The economic advantage comes from eliminating transport costs, reducing dependency on external waste processors, and creating immediate value from waste streams. Payback periods are often short because both disposal costs and raw material purchases are reduced simultaneously.

This is a quick-win because modular technologies are already commercially available, but underutilised due to lack of integration into operational strategies. Chemicals & Materials, Oil & Gas, Mining, and Infrastructure & Engineering sectors stand to benefit most, particularly in locations with high waste volumes and limited recycling infrastructure.

Which use cases are overhyped in Sustainability & Circular Economy?

Chemical recycling of mixed plastic waste at scale

Significant capital has been deployed into pyrolysis and depolymerisation technologies, yet economics remain weak.
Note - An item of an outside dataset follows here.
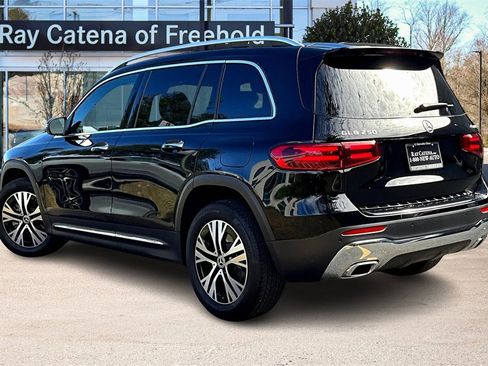 Used 2025 Mercedes-Benz GLB 250 4MATIC image 12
High energy intensity, inconsistent feedstock quality, and limited output competitiveness versus virgin polymers constrain margins, making large-scale deployment commercially uncertain without sustained policy support.

Green hydrogen for broad industrial heat applications

Hydrogen is often positioned as a universal decarbonisation solution, but for many industrial heat processes electrification is more efficient and cost-effective. High production costs, limited infrastructure, and conversion inefficiencies reduce near-term viability outside a narrow set of use cases.

Fully closed-loop consumer packaging systems

Ambitions to create entirely closed-loop packaging ecosystems face practical barriers. Collection rates remain inconsistent, contamination levels are high, and reverse logistics costs are significant. Consumer participation is variable, limiting system efficiency and making unit economics unattractive at scale.

Carbon capture for small and mid-scale industrial emitters

While technically feasible, carbon capture systems for smaller assets struggle with unfavourable economics. High capital and operating costs, combined with limited access to transport and storage infrastructure, result in weak business cases without substantial subsidies or regulatory mandates.

Blockchain-based universal material traceability platforms

Many initiatives assume blockchain can solve traceability across complex supply chains. In practice, lack of standardised data inputs, integration challenges, and unclear return on investment limit adoption. Most value can be achieved through simpler, centralised data architectures at lower cost.

Bio-based plastics as a direct replacement at scale

Bio-based polymers are often promoted as a drop-in solution, but feedstock availability, land use constraints, and performance limitations restrict scalability. In many cases, lifecycle emissions benefits are marginal, and costs remain significantly higher than conventional plastics.

Direct air capture as a primary decarbonisation lever

Although strategically important long term, direct air capture remains capital intensive and energy demanding. Current costs per tonne are too high for widespread adoption, and reliance on future cost reductions makes near-term investment difficult to justify for most companies.

Autonomous reverse logistics networks

The vision of fully autonomous systems handling collection, sorting, and redistribution of used products is technologically appealing but operationally complex. Variability in returned goods, infrastructure gaps, and high upfront investment limit scalability beyond controlled pilot environments.

Circular marketplaces without quality standardization

Digital platforms for trading secondary materials have proliferated, but many fail to address the core issue of material quality assurance. Without reliable grading and certification, buyers remain hesitant, leading to low liquidity and limited commercial traction despite strong initial interest.

Industrial symbiosis platforms without anchor demand

Platforms aiming to match industrial waste streams with potential users often struggle due to lack of consistent demand. Without committed offtake agreements, material flows remain unpredictable, undermining investment cases and preventing these ecosystems from scaling effectively.